[WORK TO BE COMPLETED] Copy every line of the data exactly, keeping out any picture.

[Short descriptive text snippets]
****************

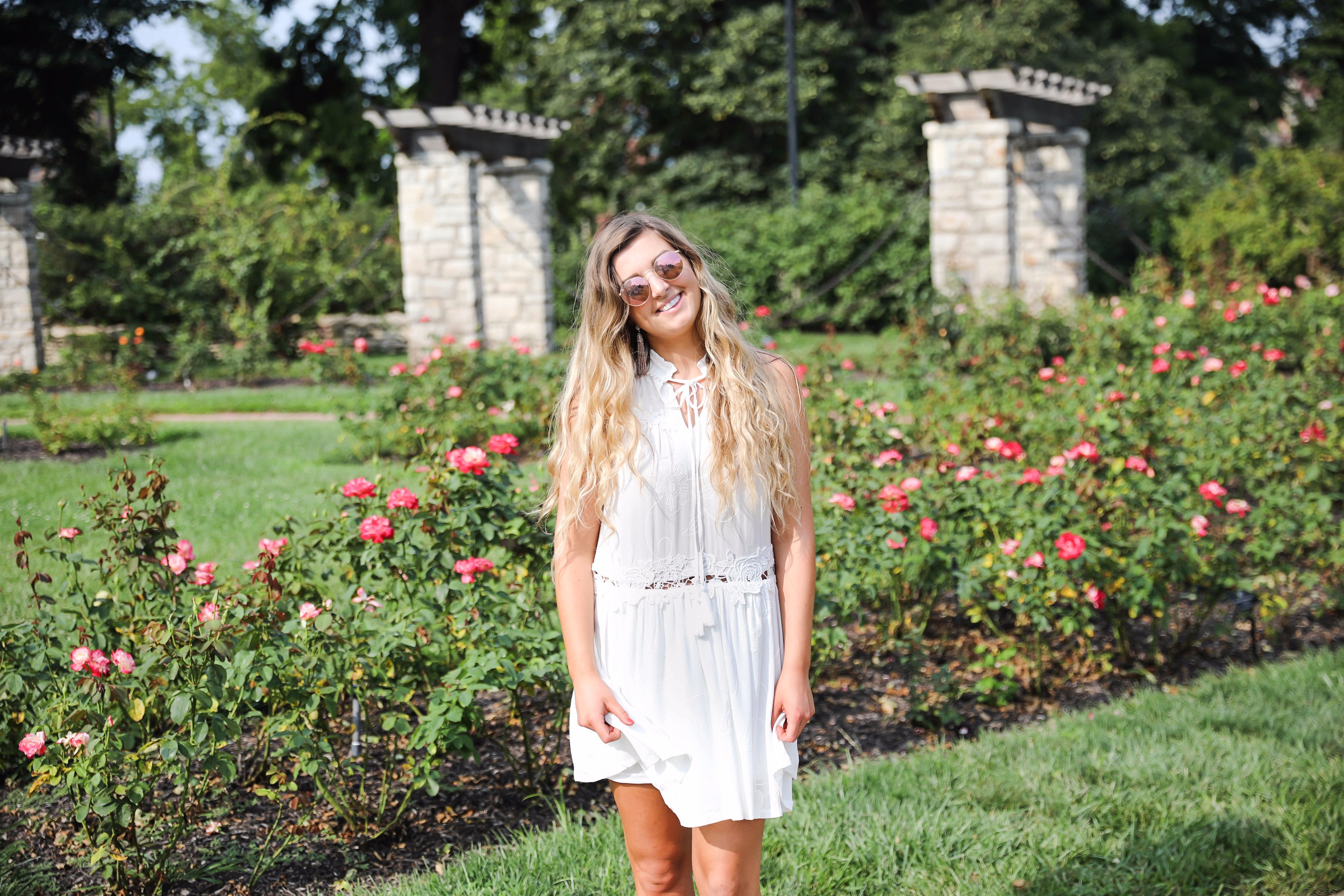 Flowy white dress surrounded by flowers! I love this dress, it's so fun and flowy and it looks so good with booties to transition into fall! Find details on fashion blogger daily dose of charm by lauren lindmark
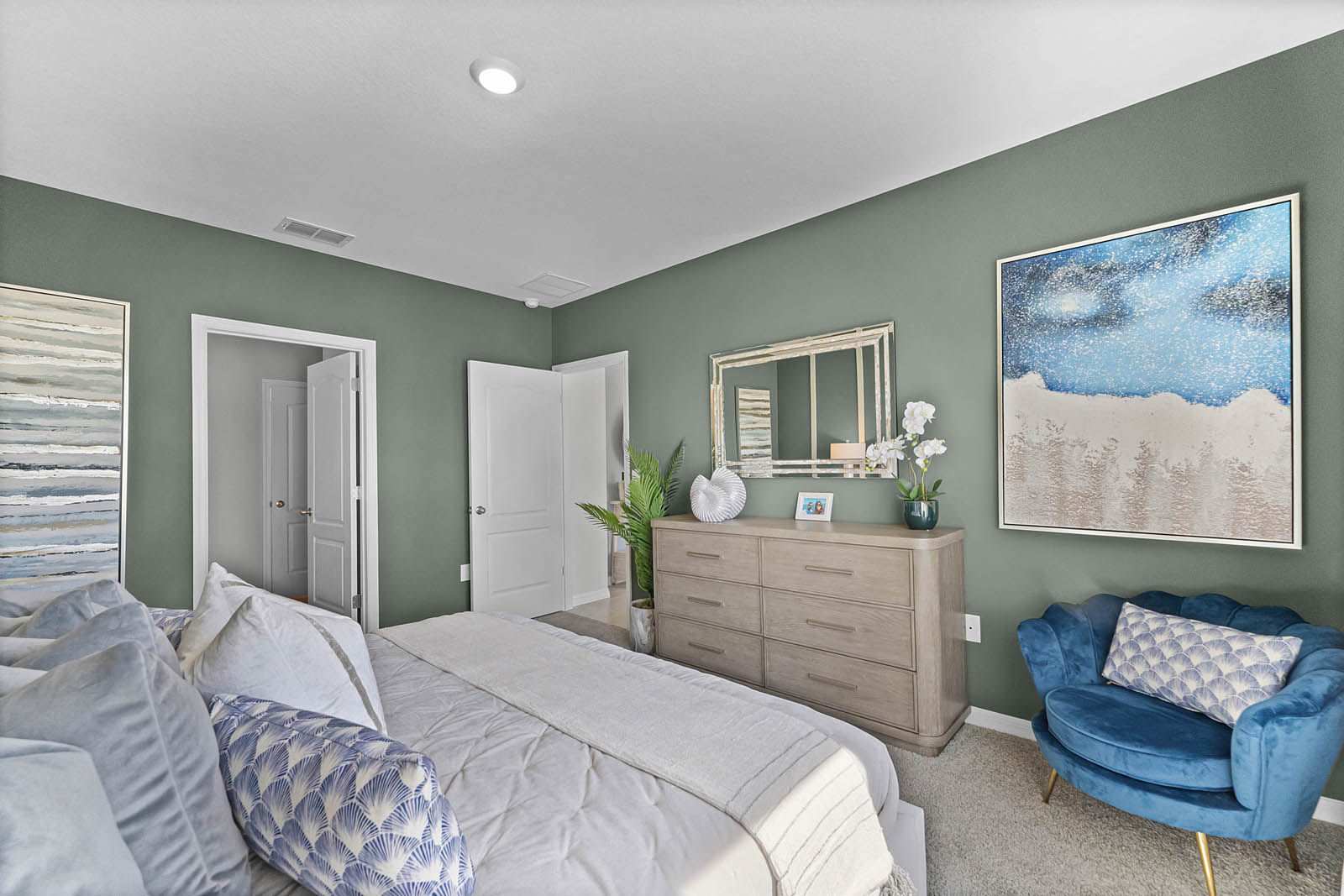 Primary bedroom with door into the primary bedroom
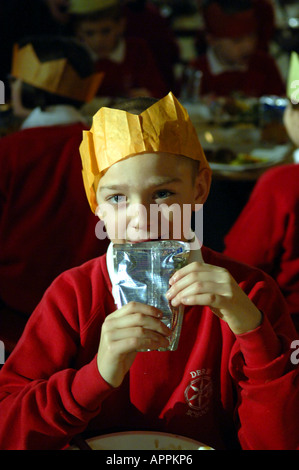 Scuola cena di Natale inglese british boy di istruzione per i cappelli di carta mangiare mangiare la Turchia pasto pranzo kids bambini cibo divisa rossa p Foto Stock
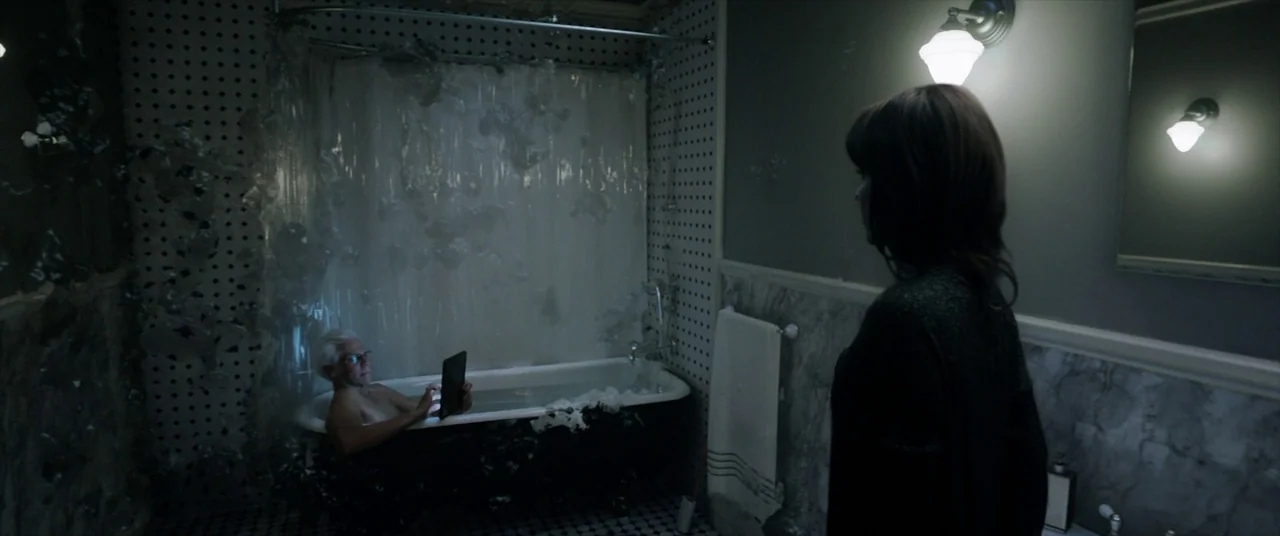 Malignant (2021) movie still: medium — A dark, marble-tiled space with a claw-foot tub draped in clear plastic sheeting. An older man lies in the…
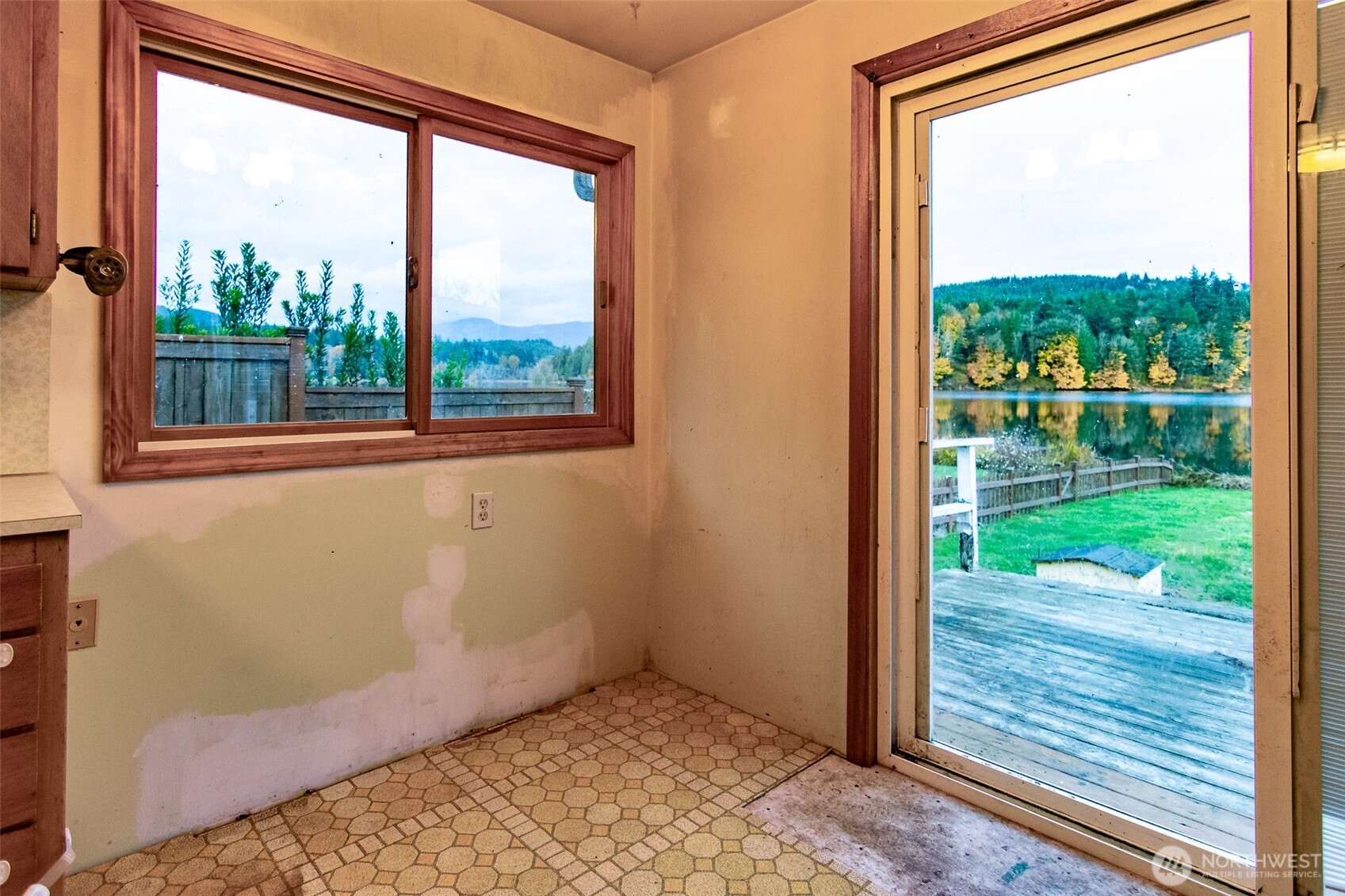 22731 Hull Road Mount Vernon, WA 98274 - Photo 8 of 26 a view of a porch with a floor to ceiling window and outside view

****************

[REPLY]
 Flowy white dress surrounded by flowers! I love this dress, it's so fun and flowy and it looks so good with booties to transition into fall! Find details on fashion blogger daily dose of charm by lauren lindmark
 Primary bedroom with door into the primary bedroom
 Scuola cena di Natale inglese british boy di istruzione per i cappelli di carta mangiare mangiare la Turchia pasto pranzo kids bambini cibo divisa rossa p Foto Stock
 Malignant (2021) movie still: medium — A dark, marble-tiled space with a claw-foot tub draped in clear plastic sheeting. An older man lies in the…
 22731 Hull Road Mount Vernon, WA 98274 - Photo 8 of 26 a view of a porch with a floor to ceiling window and outside view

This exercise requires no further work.